Zieske finished his closing argument on this not-very-solid ground, asking for a judgment of $7.9 million dollars if the judge ruled Doig made the painting, and $100,000 if he ruled he did not. (The plaintiffs’ appraiser Wiener had valued the painting at $6 million–8 million if it were by Doig and at $100,000 if it were not. Fletcher and Bartlow are asking for the difference if the judge rules it is the real deal, and for the $100,000 if he rules it is not, as they are contending that Doig interfered with the sale either way.)
The Argument for the Defense
Summing up the plaintiffs’ presentation, Doig’s defense lawyer, Tibor Nagy, said bluntly, “With that evidence, this case should have ended years ago.”
To the question of why Doig would say he didn’t make the painting, Nagy said he would deny it simply because he didn’t, in fact, make the painting. Nagy contrasted this with the plaintiffs’ motives, which Nagy said were clearly about money.
As for the evidence, Nagy declared, “The burden is squarely on [the plaintiffs]. Despite that, we’ve proven that Mr. Doig didn’t paint this painting.” Neither the name nor the signature were Doig’s, Nagy repeated, and the defense had provided school records, yearbook photos, and a list of 30 witnesses that could attest to Doig’s whereabouts in 1976.
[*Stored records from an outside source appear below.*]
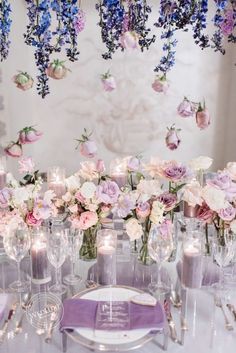 the table is set with purple and white flowers in vases, silverware, and candles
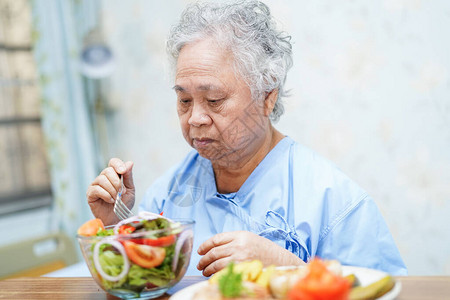 亚洲老年或老年妇人患者在医院病床上坐着饥饿时满怀希望和快乐地吃图片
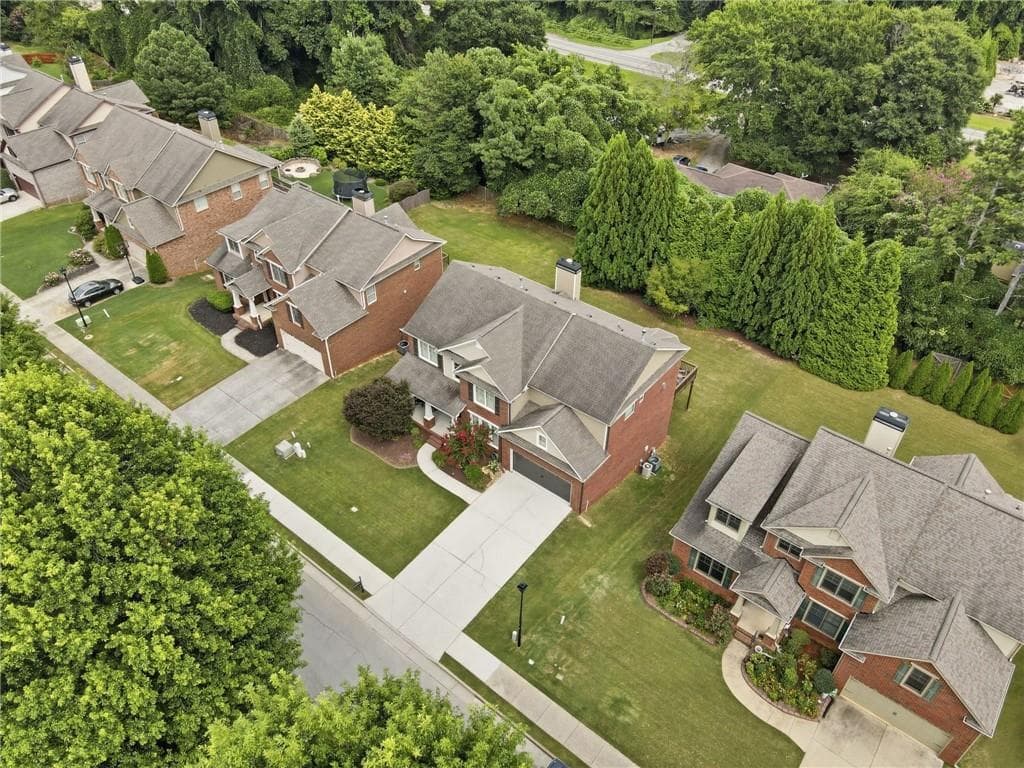 5 bedroom, 3 bathroom, 3,492 sq ft single family residence for sale at 6107 Stillwater Place, Flowery Branch, GA 30542 — photo 3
Furthermore, Doige had a criminal record linking him to Thunder Bay; Doig did not. Responding to the plaintiffs’ allegation that Doig needed an alibi, Nagy repeated again and again that his client had no burden of proof as he was the defendant in the case.
When Will It End?
Earlier in the day, Judge Feinerman had said that he might issue a verdict at the end of the day, but as the two sides finished their remarks, the Judge demurred. Despite a request from Doig’s lawyers for Feinerman to render the decision immediately, and issue the rationale later, the Judge insisted that he needed more time.
His verdict will be given orally at an as-yet-undetermined point in the coming weeks.
Feinerman’s final request was to examine the artwork further, so an arrangement was made to keep the painting in his chambers during the day, and the US District Court for Nothern Illinois’s safe at night. At this, Zieske gleefully declared that if the Judge wanted to hang the picture, he had “plenty of clients who could do that for you.” The judge declined the offer.